永澤:それは物語ですからニートは違うんですね。
宮永:そう、だからニートはそういうものは持っていない。アノミーの場合は、持っていないんですよね。そういうものをね。だからそれをアノミーと言ったと思うんですが、そうするとすごくクラシックな状況のように思えてきたんですけれど。
永澤:十年前どころか、60年代から引きこもりの第一世代と言われている人たちは出てきているわけです。問題になり始めているのは、不登校とかそういったことは70年代に、60年くらいに、私もその世代ですけれど産まれた人が学校に行かなくなったり、脱落していったりする頃からです。落ちこぼれということで、問題として、はっきり社会問題としてターゲットにできるのはすでに70年代の初頭ですから、そういう意味では40年、30年くらい前ですけど、私の用語では昔ながらの問題ではないわけです。70年代以降というのは。
大越:まあ我々の時代が悪いことをしたといえば、(笑)宮永さんも同じなんだけど。本当は、ここまで言及したくなかったのだけど、実は60年代後半で学生運動やりましたよね。あれは何かというと、知性を壊したのですよ。知性を壊すことは何かというと、学ということの根本を叩き割ってしまったのです。つまり価値観を全く無にしたところで、それ以後はずっとおかしな問題が出てきて、と僕は思っております。同世代の方。(笑)
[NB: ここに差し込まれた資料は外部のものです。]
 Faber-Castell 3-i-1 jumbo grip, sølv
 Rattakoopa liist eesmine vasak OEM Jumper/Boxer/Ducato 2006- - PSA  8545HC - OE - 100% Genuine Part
宮永:全く同世代です。いや、私は学生運動に関して被害者だと思っています。いろんな意味で、学生運動をやってた人と話し合って説得して、向こうが説得されちゃって、もっと上の人が出てきてあいつとは口聞くな、という話になったりその後もいろいろあったんですけど、それはそれで良いのですが。
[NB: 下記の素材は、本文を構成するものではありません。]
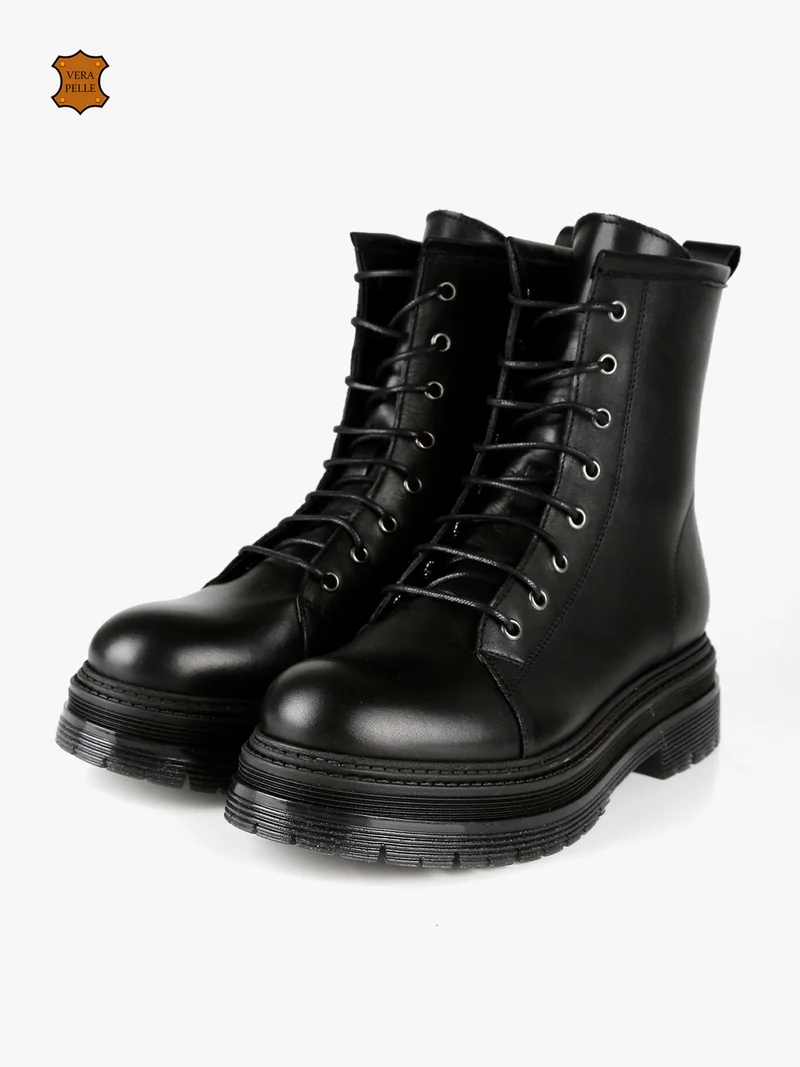 Anfibi in pelle donna con plateau - nero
そうではなくて、やっぱり日本は裕福になったので、学生運動も丁度裕福になる、貧しかった日本から、裕福になるところに出てきたのだと思うんですよね。学生は身軽だからそういうことをやったので、それ自身は力が無かったけど、やっぱり学生だから自分がやっていることが何かすごいことだと思いたかったのだとしか私には思えないのですね。それで当時だってクールな人はいたので、学生があんなことをして時代を変えられるかと思っていて、そういう人たちが上のジェネレーションにいらして、ここにもいらっしゃいますけども、クールにそれを見ながら運動した人や何かをあとから取り込んで、力にして日本の繁栄の時代を築いたと私は思っているのです。それでその結果、周辺的なところにもお金が回りだしたので、60年代までは脱サラしても成功しなかったわけですよね。本当に会社がいやで、脱サラした人たちというのは、結局は挫折してしまった。ところが、70年代の後半から80年代になると、脱サラしても生きていけるようになったわけですね。90年代に入ると、経済は右肩上がりではなくなったかもしれませんけれども、周辺に結構お金があるので、会社に必ず属さなければ食べていかれないということはなくなったわけです。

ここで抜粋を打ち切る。